The medical profile () is the system of numbers the Israel Defense Forces (IDF) uses to indicate the medical suitability of a person in order to serve in various positions in the IDF. The profiles range between 21 (which automatically dismisses the subject from serving in the IDF) and 97 (which allows the subject to apply to every unit in the IDF). A profile of 64 and under makes it impossible to serve in direct combat roles.

Known profile numbers

Combatant
97: Perfectly healthy and fit for field combat units, in the elite units in the corps as well as in the combat battalions. In cases of very mild problems (such as the need for glasses), a note is added that does not lower the profile, but dismisses the soldier from volunteering to be a part of the elite units. Since 2005, soldiers can be accepted for the flight training course with glasses (up to 1 diopter).
82: A slight problem (for example: color blindness). Unfit for elite combat units but fit for infantry and the combat battalions.
72: A moderate problem (knee or back problems, mild asthma, allergies or a high level of myopia – above 7 diopters). Unfit for infantry service, but eligible for several combat units like the Armored Corps, Artillery, Air Defense, specific roles in the Field Intelligence Corps and the Caracal Battalion.
65: A problem or injury caused during the military service.

Non-combatant
64: A serious problem (asthma, low BMI, high blood pressure, mental health issues). Unfit for combat.
45: A very serious problem (severe asthma, severe orthopedic problems, severe mental status, HIV positive). Unfit for combat service and many military courses.
35: A special profile for people with diabetes, the hearing impaired and people with epilepsy.
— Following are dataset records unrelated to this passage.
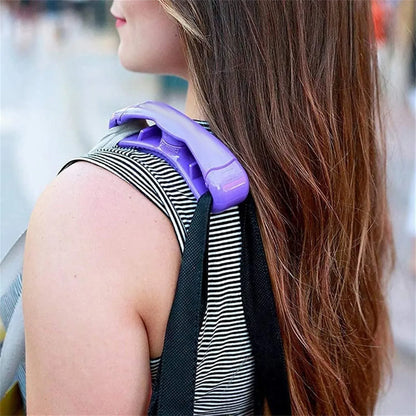 Click Carry Grocery Bag Holder (1 Pc Multi Color) - Zidbik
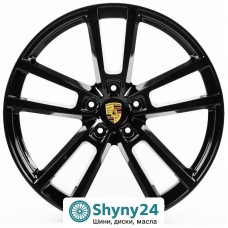 Replica PR3081 Gloss Black R22 W11.5 PCD5x130 ET61 DIA71.6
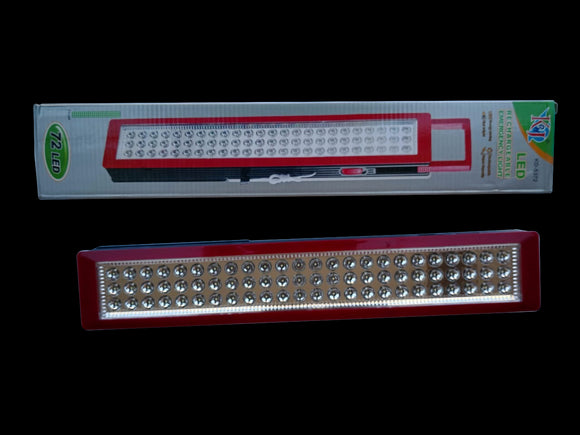 Emergency light rechargeable 72LEDs KD-5372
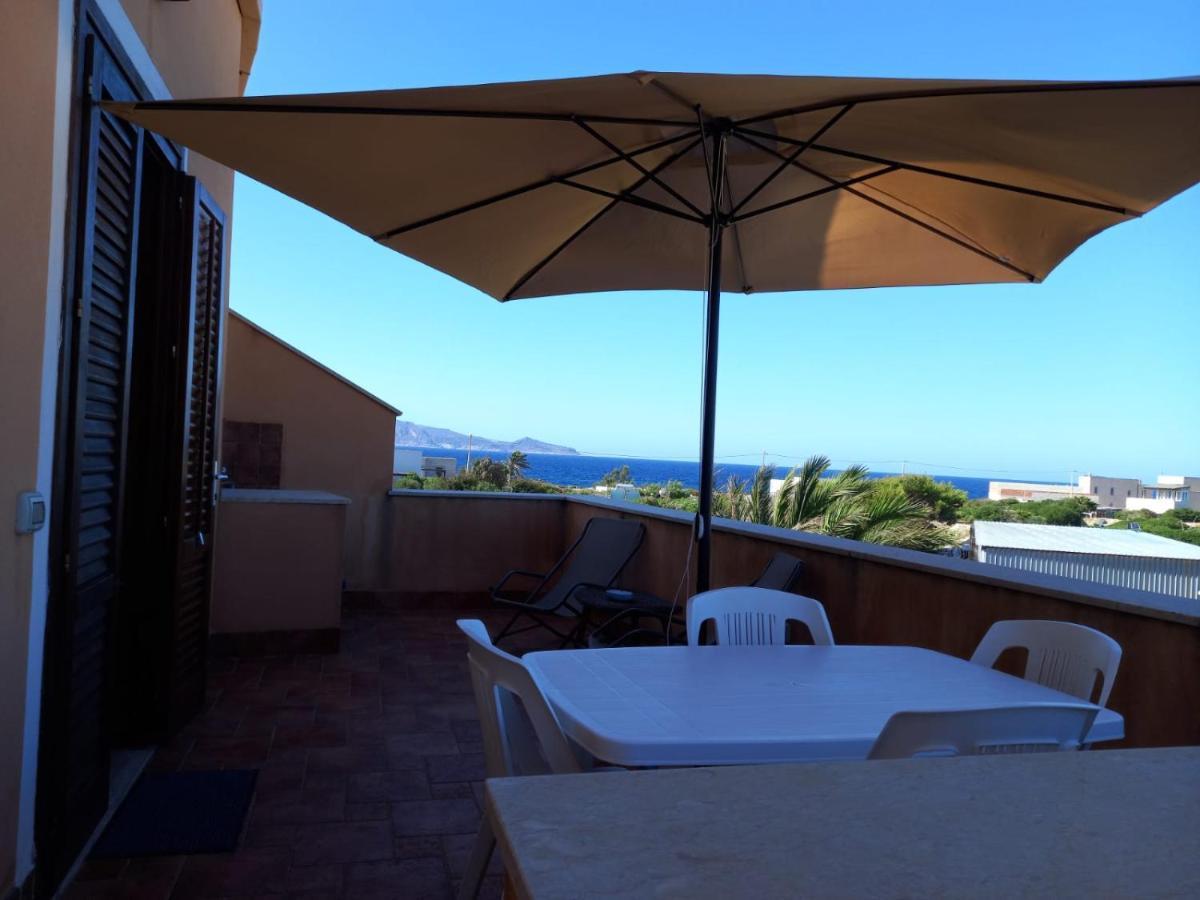 Casa Di Jacu Appartement Favignana Buitenkant foto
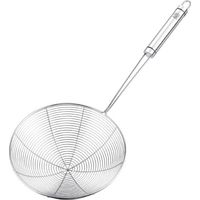 Küchenutensilien-Set aus Edelstahl, Spinnenseiden-Nudellöffel, feinmaschiges Küchensieb, Fettlöser, Festigtopf, Trennsieb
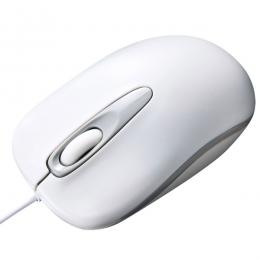 サンワサプライ MA-R115W 有線光学式マウス（ホワイト）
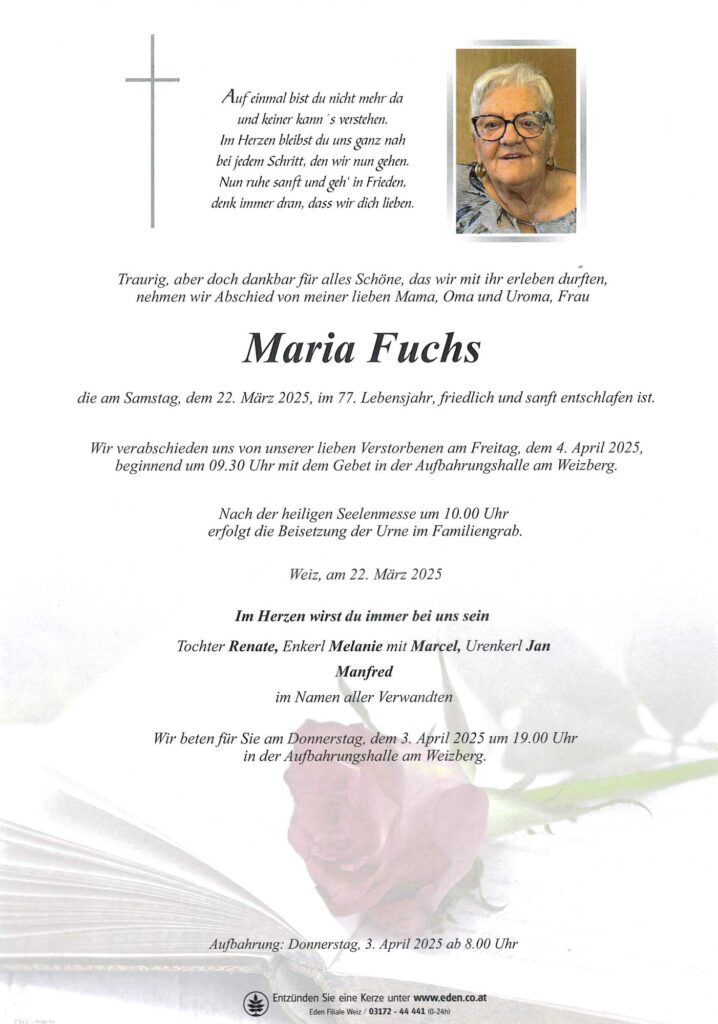 Maria Fuchs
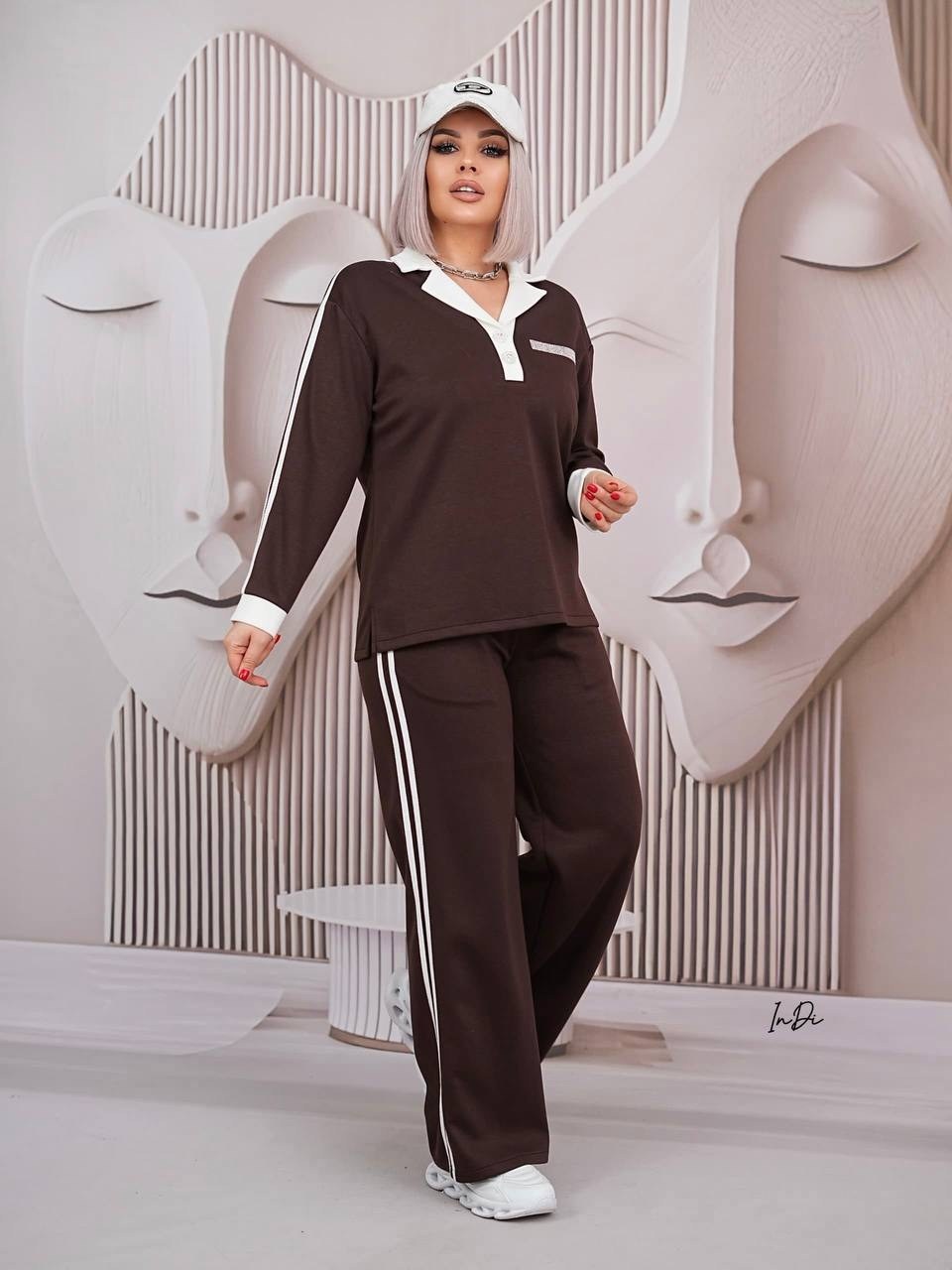 спортивный костюм ольга стиль с948 коричневый,спортивный костюм ольга стиль 948 коричневый размер 50-56,спортивный костюм ольга стиль с948 коричневый размер 50-56,спортивный костюм ольга стиль 948 кор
Able to serve in various roles with certain limitations due to their medical condition.
25: Individuals who received a profile of 21 and nonetheless applied to volunteer (and are accepted) for military service.
24: Temporarily unfit for service (severe sensitivity to bee stings, temporary low BMI, anemia). The soldier gets a temporary exemption and gets monitored every few months with the possibility of raising his profile.
21: Totally unfit for military service for health reasons (physical or mental). Individuals with this profile can still apply to volunteer for military service by getting a profile of 30. See Profile 21.